Sven Barth schrieb:

At least at first sight there don't seem to be any real (technical) reasons to not covariance for return values. Parameters would be a different topic though...

Just so I get the idea right:

=== code begin ===

type
  TBar = class
    function Test: TObject; virtual;
  end;

  TFooBar = class(TBar)
    function Test: TStrings; override;
  end;

//...

I just wonder about the purpose and use of such refinement. Should the compiler relate on an more specific return type, based on the *static* type of an object reference? I'd use different names for specialized methods/properties instead.

OTOH it would be nice to have specialized lists without much coding, i.e. without writing getters (and setters) which only do typecasts of their results. Something like

type
  TBar = class
    property Test: TObject ...; virtual;
  end;

  TFooBar = class(TBar)
    property Test: TStrings; override;
  end;

Please note that this kind of override should not require to override the getters/setters, it only would enforce (static) type checks/casts, as doable at compile time.

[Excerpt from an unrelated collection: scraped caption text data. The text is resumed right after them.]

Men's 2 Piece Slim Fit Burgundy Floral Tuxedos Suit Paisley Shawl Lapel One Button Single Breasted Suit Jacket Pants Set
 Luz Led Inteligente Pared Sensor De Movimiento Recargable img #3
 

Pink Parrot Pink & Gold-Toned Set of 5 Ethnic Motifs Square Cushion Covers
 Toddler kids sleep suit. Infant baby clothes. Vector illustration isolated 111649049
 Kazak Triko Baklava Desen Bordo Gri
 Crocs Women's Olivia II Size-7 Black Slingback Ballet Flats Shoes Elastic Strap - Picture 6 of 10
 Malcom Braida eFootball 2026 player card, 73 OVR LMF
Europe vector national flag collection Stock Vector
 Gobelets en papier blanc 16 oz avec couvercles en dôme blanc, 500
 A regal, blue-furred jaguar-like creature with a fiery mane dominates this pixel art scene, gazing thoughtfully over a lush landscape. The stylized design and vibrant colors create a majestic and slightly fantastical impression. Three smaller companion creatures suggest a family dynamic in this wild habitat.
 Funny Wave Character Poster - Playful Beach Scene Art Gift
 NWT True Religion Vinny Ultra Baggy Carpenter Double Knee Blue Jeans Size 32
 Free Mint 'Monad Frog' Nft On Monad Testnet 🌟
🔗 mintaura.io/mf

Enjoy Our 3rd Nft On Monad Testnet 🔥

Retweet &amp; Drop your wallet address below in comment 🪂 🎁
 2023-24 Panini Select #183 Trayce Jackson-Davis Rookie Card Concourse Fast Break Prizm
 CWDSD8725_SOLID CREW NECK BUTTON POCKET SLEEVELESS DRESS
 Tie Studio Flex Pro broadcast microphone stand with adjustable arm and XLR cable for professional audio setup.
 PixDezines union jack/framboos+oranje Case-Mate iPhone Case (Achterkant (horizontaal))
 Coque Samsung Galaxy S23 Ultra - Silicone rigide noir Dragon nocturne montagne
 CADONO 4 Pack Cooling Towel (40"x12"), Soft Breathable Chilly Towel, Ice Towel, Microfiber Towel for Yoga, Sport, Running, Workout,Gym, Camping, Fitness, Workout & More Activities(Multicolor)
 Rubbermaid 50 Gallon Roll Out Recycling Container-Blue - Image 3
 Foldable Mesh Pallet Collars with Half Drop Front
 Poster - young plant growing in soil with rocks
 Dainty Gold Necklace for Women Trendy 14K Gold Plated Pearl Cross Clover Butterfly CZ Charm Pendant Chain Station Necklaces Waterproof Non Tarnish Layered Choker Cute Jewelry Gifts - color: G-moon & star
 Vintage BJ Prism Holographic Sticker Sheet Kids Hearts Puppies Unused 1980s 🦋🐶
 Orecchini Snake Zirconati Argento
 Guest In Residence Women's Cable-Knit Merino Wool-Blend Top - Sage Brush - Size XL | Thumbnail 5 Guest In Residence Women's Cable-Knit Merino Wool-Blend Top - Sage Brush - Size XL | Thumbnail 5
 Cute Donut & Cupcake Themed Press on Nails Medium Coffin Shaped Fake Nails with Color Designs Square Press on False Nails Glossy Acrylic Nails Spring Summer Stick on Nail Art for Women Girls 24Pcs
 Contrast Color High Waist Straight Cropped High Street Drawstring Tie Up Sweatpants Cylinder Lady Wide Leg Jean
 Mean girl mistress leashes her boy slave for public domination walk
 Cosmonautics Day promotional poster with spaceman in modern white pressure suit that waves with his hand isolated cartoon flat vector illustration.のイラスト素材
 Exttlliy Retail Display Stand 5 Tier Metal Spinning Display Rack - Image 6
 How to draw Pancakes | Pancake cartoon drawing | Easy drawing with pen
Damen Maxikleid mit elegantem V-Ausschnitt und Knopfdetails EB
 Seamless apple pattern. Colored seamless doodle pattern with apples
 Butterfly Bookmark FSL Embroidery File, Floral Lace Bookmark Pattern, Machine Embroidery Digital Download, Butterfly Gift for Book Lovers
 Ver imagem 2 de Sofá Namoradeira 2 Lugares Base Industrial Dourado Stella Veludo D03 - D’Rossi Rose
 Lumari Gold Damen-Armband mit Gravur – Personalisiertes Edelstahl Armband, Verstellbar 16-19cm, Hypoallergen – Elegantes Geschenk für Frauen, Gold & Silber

But that smells like Generics, which already have their place in OPL...


Parameters would require different handling, because a single type mismatch would defer to the base class implementation, with possibly strange effects when this results in an bypass of the modified code in the overridden methods. That's another argument for my above suggestion, which should not only eliminate the need for overriding related methods, but should *disallow* explicit getter/setter overrides - so we were back again at generics?